In my last blog, I had a sidebar to the right that I could fill with links to neat places. On the downside, there was very little room to explain why I put the links there. On the upside, the links were just … there. Easy. Handy.

No such luck @ Vox. (Yet.) I have voiced my blogging desires to the universe. We'll see if the universe coughs up.

Until then, may I present The "Sue" Links? It didn't start out this way, with me having three links to artists/writers named "Sue". It was just something I noticed one day.

One of my many heros is Susie Bright. A goddess, a proponent of sex-positive feminism, a wise-ass and all round smart chick. Here is her blog which gives more details on her wide and varied career in publishing, film and cage-rattling. Most importantly, to me, she hosts a weekly Internet radio show on all matters sexual and political called In Bed With Susie Bright. For sheer entertainment value this is, bar none, the best deal on the Internet. I've subscribed now for several years and Susie never fails to make me laugh out loud AND think very deeply about some of my own beliefs and why I hold them. The ultimate "laugh out loud" moment for me happened when Susie told the story of Hunter S. Thompson leaving her voice mail – long, rambling messages, ranting on about a wild assortment of things. This, in itself, isn't all that amusing until the moment when Susie acquired a new cell phone number and a local insurance broker acquired her old cell phone number. I remember listening to this while I was driving to a friend's cottage up north and I had to pull over, I was laughing so hard. Maybe the fairy goddess of all things Susie will drop on by and remind me of the Show number that this appeared on? Please?

Suzie Vinnick is a Canadian blues / folk artist who is yummy.  Yummy, I tell ya. 33 Stars is a CD that rarely leaves my CD changer for long. Lately, every time I get a notice about a live performance, I'm already booked which is annoying. Soon I'll be back out in the crowd, drunkenly urging her to sing that laid back Rock'n'Roll number.

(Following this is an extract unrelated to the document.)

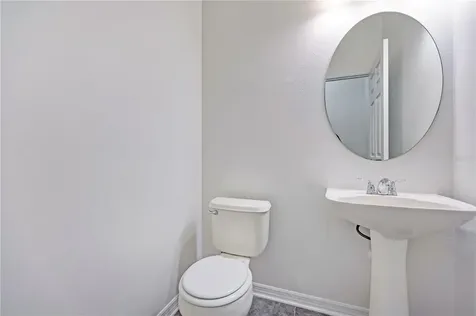 5331 Sandy Shell Drive Apollo Beach FL 33572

Suzanne, a.k.a. Sue de Nym and several other noms de plume, is also a kick-ass musician. She rocks when she plays centre or wing on my hockey team, too! There are some cuts from Fanfaria here, but the quality isn't great. False Messiahs is my fav … maybe the artist herself will grant me permission to post the actual song in higher quality here.

There you have the three "Sues" who all spell their names differently, but who rank highly enough with me to get their own link post!

Update: Suzanne, bless her, has stepped off her longboard long enough to agree to let me post the full version of False Messiahs here. Thanks!